Record excerpts
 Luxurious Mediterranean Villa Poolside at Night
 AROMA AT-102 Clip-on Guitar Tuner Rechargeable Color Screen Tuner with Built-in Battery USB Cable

---

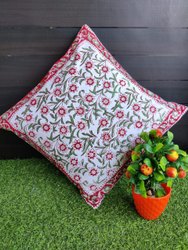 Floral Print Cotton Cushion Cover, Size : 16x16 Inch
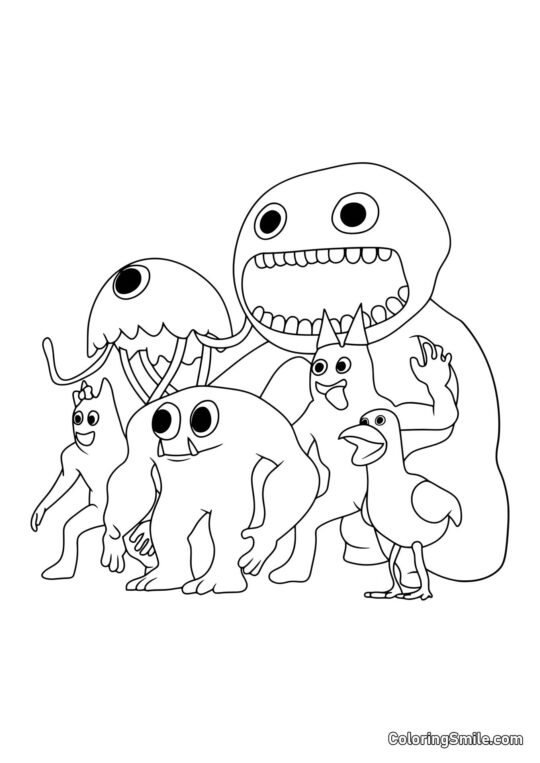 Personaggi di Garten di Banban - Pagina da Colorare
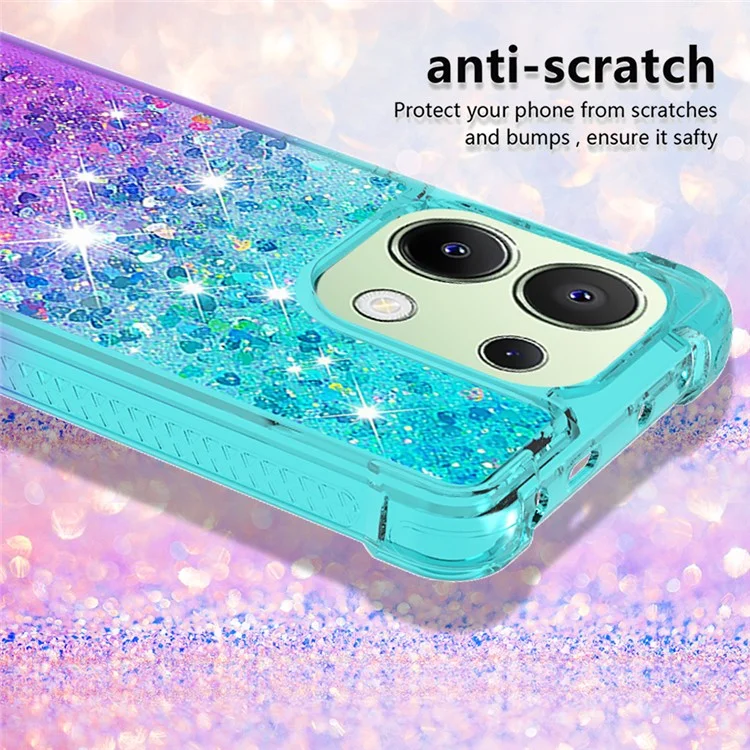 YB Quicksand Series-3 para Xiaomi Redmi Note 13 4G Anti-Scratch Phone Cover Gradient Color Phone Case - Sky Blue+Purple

---

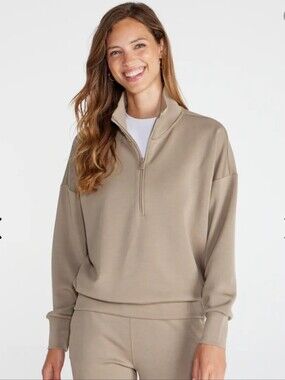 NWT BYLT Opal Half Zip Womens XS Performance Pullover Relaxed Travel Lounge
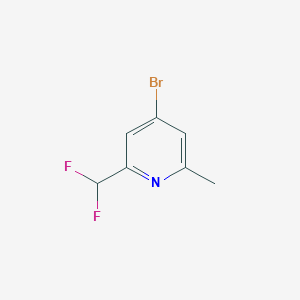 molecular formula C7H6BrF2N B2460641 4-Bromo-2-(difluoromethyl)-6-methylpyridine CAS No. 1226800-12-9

What to produce
Leave out every picture, and copy exactly the lines above starting at the one holding "NWT BYLT Opal" and ending at the one holding "molecular formula C7H6BrF2N", no more and no less.

Exercise answer
 NWT BYLT Opal Half Zip Womens XS Performance Pullover Relaxed Travel Lounge
 molecular formula C7H6BrF2N B2460641 4-Bromo-2-(difluoromethyl)-6-methylpyridine CAS No. 1226800-12-9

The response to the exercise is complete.